══ DATA EXCERPT

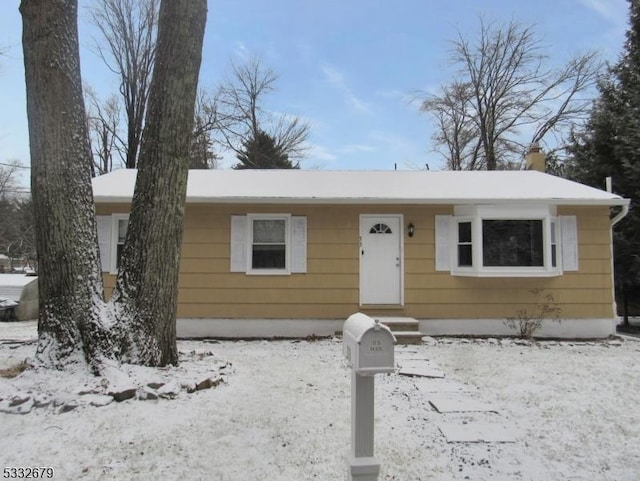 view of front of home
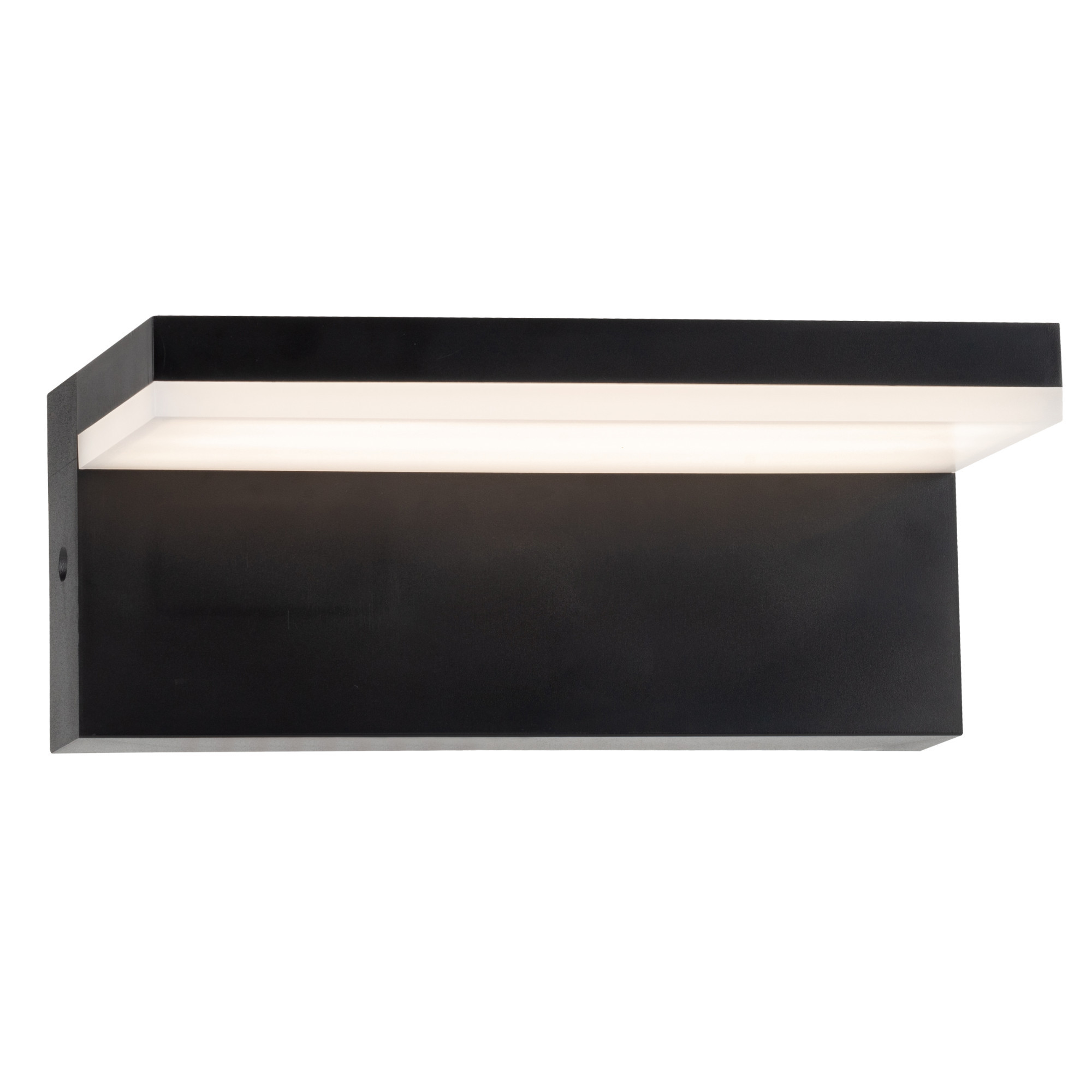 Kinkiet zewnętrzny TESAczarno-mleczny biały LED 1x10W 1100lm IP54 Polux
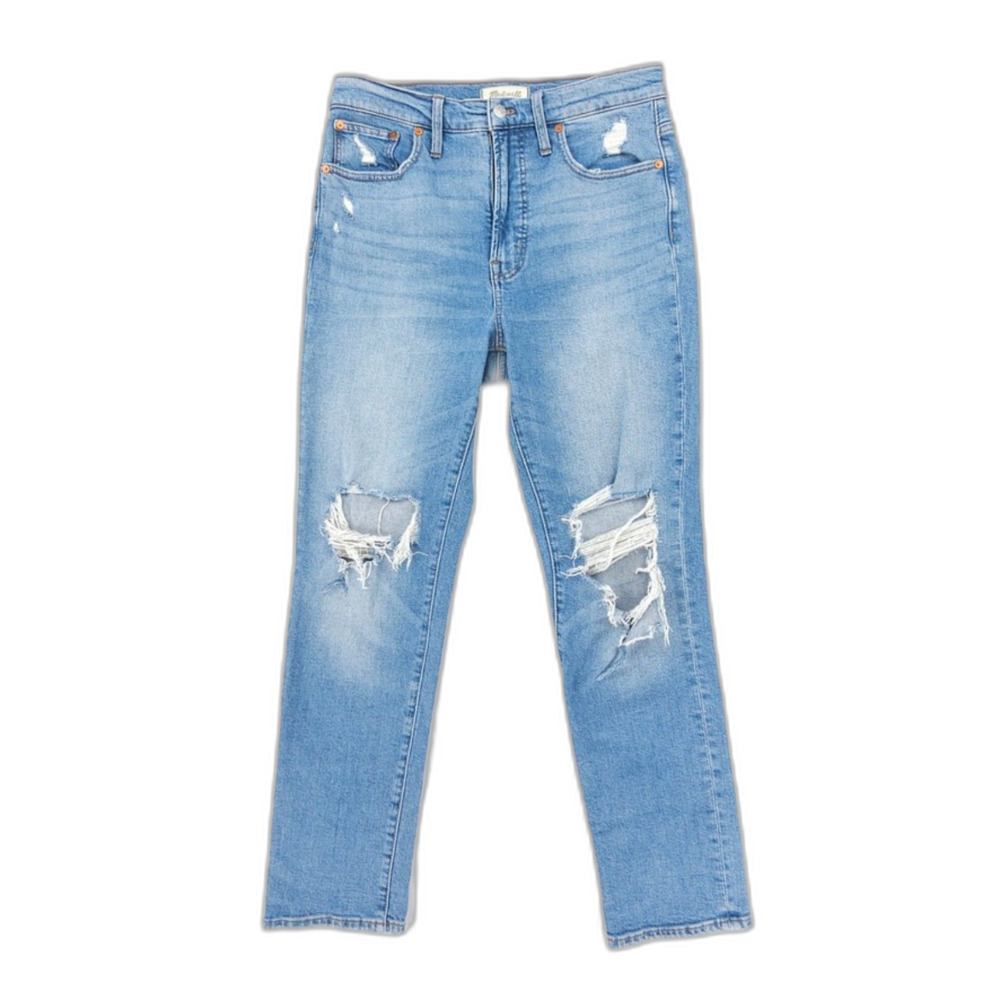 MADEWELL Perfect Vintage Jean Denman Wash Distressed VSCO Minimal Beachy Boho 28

════

> _WHAT YOU ARE ASKED TO DO_:
Exclude all pictures and reproduce verbatim the lines running from the line that contains "Kinkiet zewnętrzny TESAczarno-mleczny" to the end of the data above, both ends included.

> _SOLUTION FOR THIS PROBLEM_:
 Kinkiet zewnętrzny TESAczarno-mleczny biały LED 1x10W 1100lm IP54 Polux
 MADEWELL Perfect Vintage Jean Denman Wash Distressed VSCO Minimal Beachy Boho 28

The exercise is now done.